[[ Given information, beginning ]]

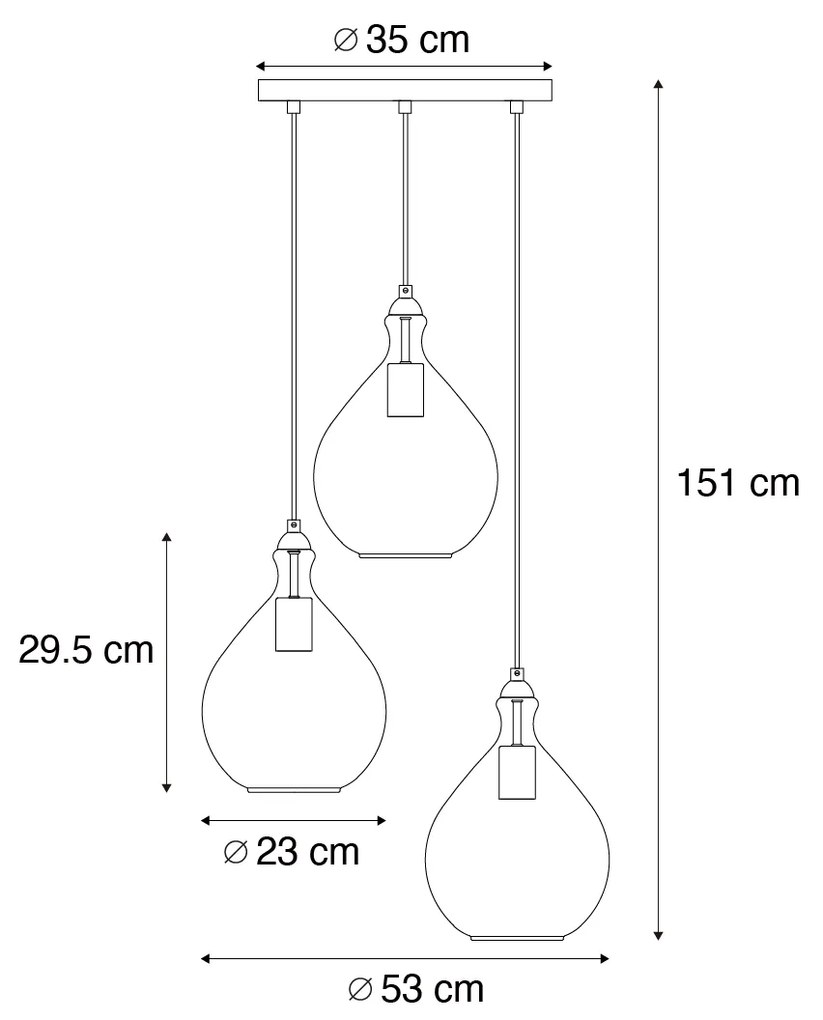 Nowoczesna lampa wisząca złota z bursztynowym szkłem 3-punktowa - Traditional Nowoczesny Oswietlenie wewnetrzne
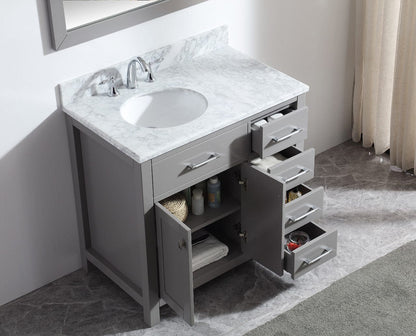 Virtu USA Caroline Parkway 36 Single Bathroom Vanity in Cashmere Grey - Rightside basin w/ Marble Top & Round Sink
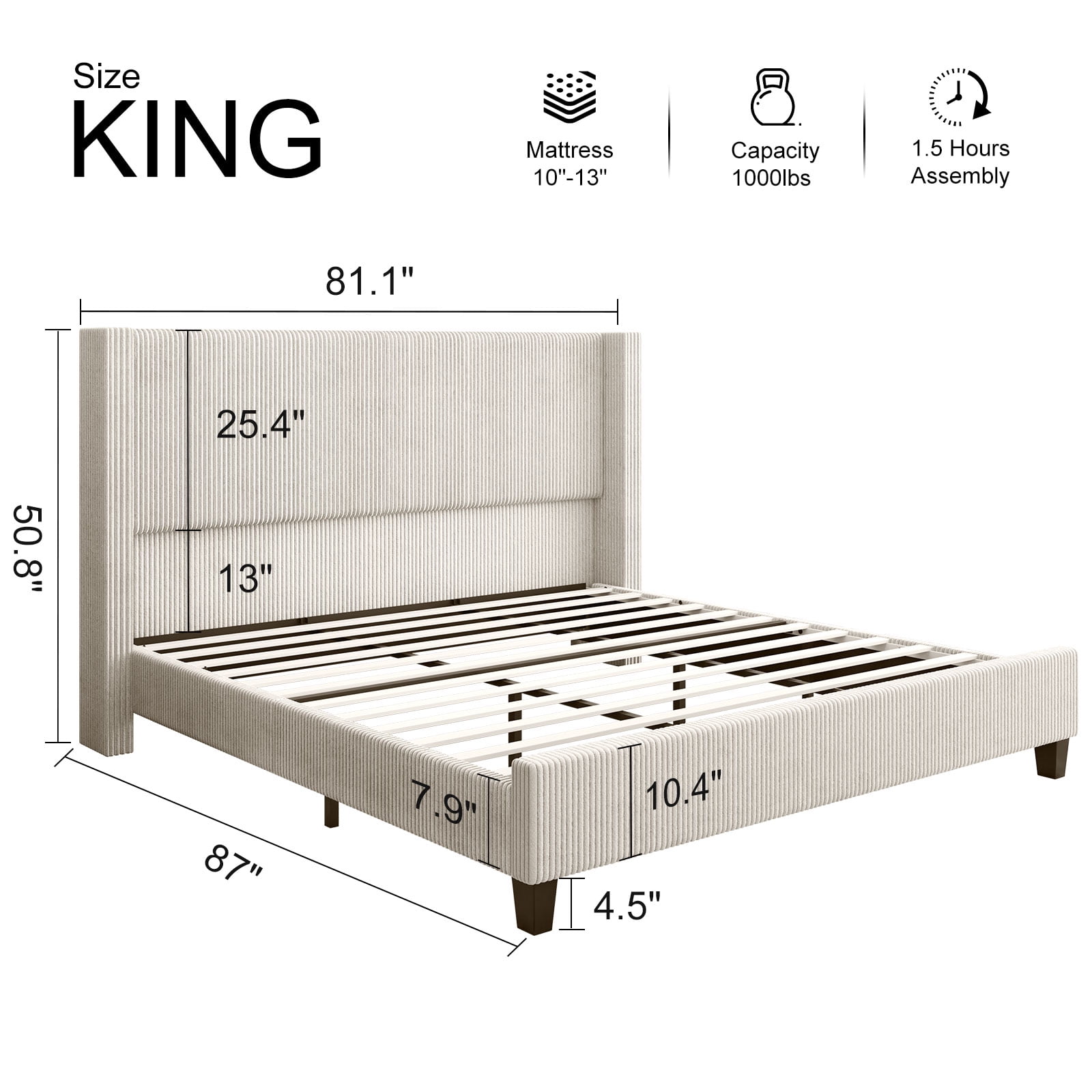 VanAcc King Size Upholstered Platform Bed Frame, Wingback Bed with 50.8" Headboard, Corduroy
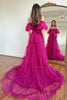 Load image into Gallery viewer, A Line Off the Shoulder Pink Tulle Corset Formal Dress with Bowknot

[[ Given information, end ]]

Aim of the exercise:
A word-for-word copy of the data, without its pictures, is what is needed.

Result of this exercise:
 Nowoczesna lampa wisząca złota z bursztynowym szkłem 3-punktowa - Traditional Nowoczesny Oswietlenie wewnetrzne
 Virtu USA Caroline Parkway 36 Single Bathroom Vanity in Cashmere Grey - Rightside basin w/ Marble Top & Round Sink
 VanAcc King Size Upholstered Platform Bed Frame, Wingback Bed with 50.8" Headboard, Corduroy
 Load image into Gallery viewer, A Line Off the Shoulder Pink Tulle Corset Formal Dress with Bowknot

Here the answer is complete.